The central bank lifted its federal fund rate – what banks charge each other for overnight loans – by a quarter percentage point to a range of 1.75 to 2 percent. That’s within shouting distance of its longer-run forecast of 2.9 percent. It’s the second rate increase this year and the seventh since the Fed began bumping up rates amid an improving economy in late 2015.
For years after the Great Recession of 2007-09, the Fed kept its key rate near zero to stimulate growth.
In perhaps a telling sign, the Fed removed its previous assertion that its key rate “is likely to remain, for some time, below levels that are expected to prevail in the longer run.” That suggests the Fed could push up rates more rapidly.

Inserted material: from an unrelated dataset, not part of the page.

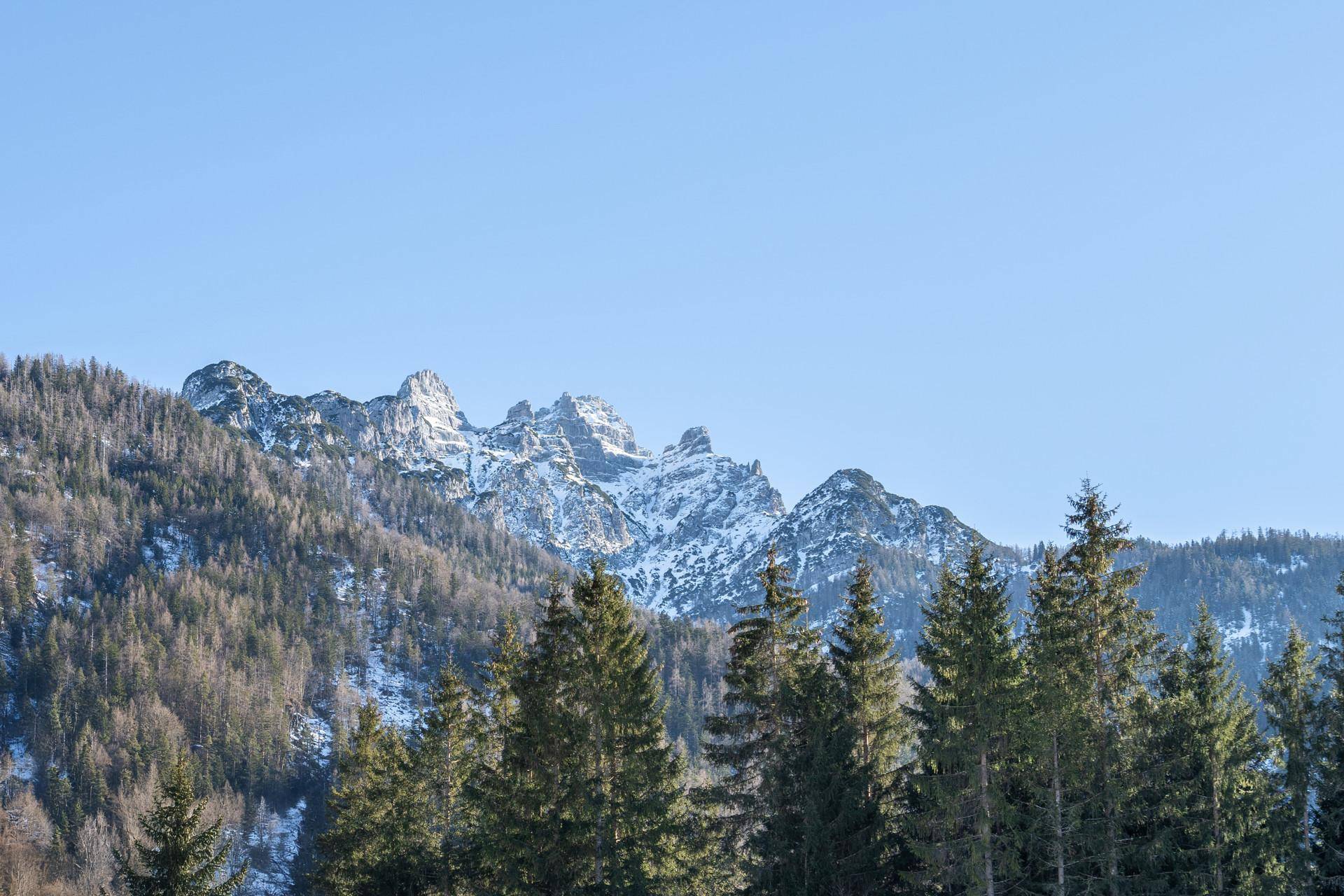 STEINBERGBLICK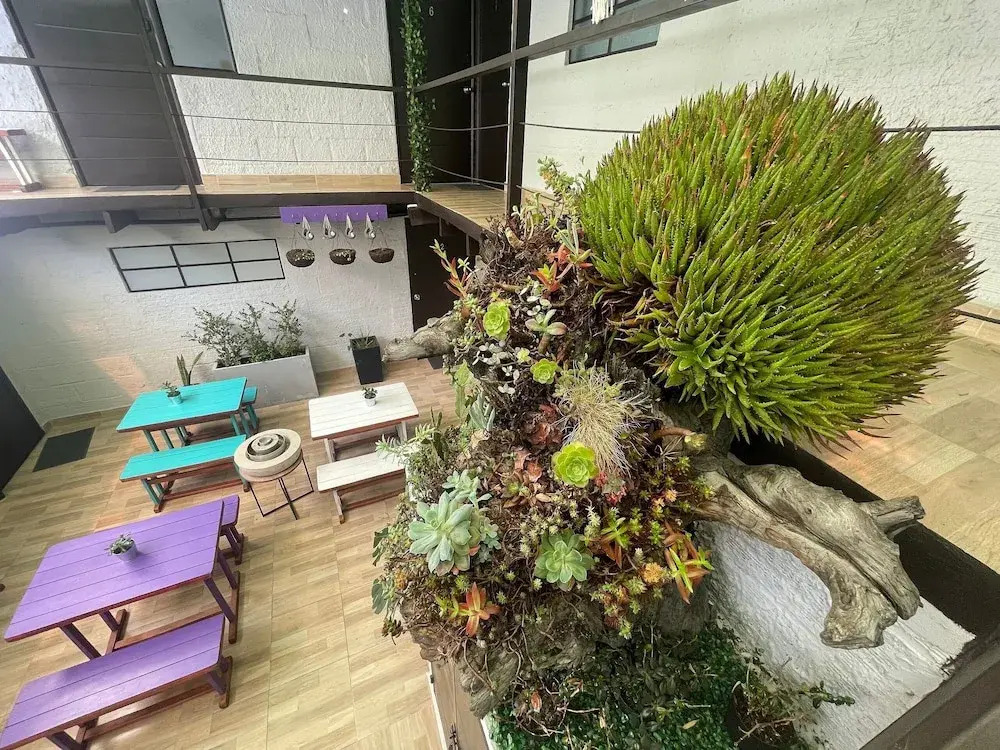 Apartamento en Casa Colonial Centro Internacional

Powell, however, said it simply means rates are getting closer to normal levels.
How fast rates will rise
The big question ahead of Wednesday’s meeting was whether the Fed
would keep its forecast for three quarter-point increases this year or bump it up to four. It raised it to four but maintained its projection of three more increases in 2019.
The Fed expects its key rate to rise to 2.4 percent at the end of the year, up from its previous estimate of 2.1 percent, reckoning unemployment will fall a bit faster than it previously thought and inflation will kick up a bit more, according to its median forecast. Eight of 15 officials now expect four increases, up from seven in March and that one addition to the four-increase camp was enough to move up the median.
It now expects the rate will be 3.1 percent at the end of 2019, up from its previous projection of 2.9 percent.
The Fed predicts the economy will grow 2.8 percent this year, up from its March forecast of 2.7 percent, and it maintained its 2.4 percent estimate for 2019.
“Economic activity has been rising and a solid rate,” the Fed said in a statement after a two-day meeting. The economy grew at a 2.2 percent annual rate in the first quarter, in line with its modest average throughout the nine-year-old economic expansion. But growth is expected to pick up to about 4 percent in the current quarter and average close to 3 percent this year.
While the federal tax cuts and spending increases are goosing the economy, the Trump administration’s widening trade standoffs with other nations could slow growth by next year if proposed tariffs and titfor-tat responses are carried through, economists say.
The Fed estimates the 3.8 percent unemployment rate will fall to 3.6 percent by the end of the year and 3.5 percent by the end of 2019, below its March forecast of 3.6 percent. “Job gains have been strong, on average, in recent months, and the unemployment rate has declined,” the statement said.
Employers have added a solid average of 179,000 jobs a month since the Fed last met in mid-March and unemployment has fallen to an 18-year low of 3.8 percent. That could spur faster wage gains and inflation as business compete more intensely for fewer available workers.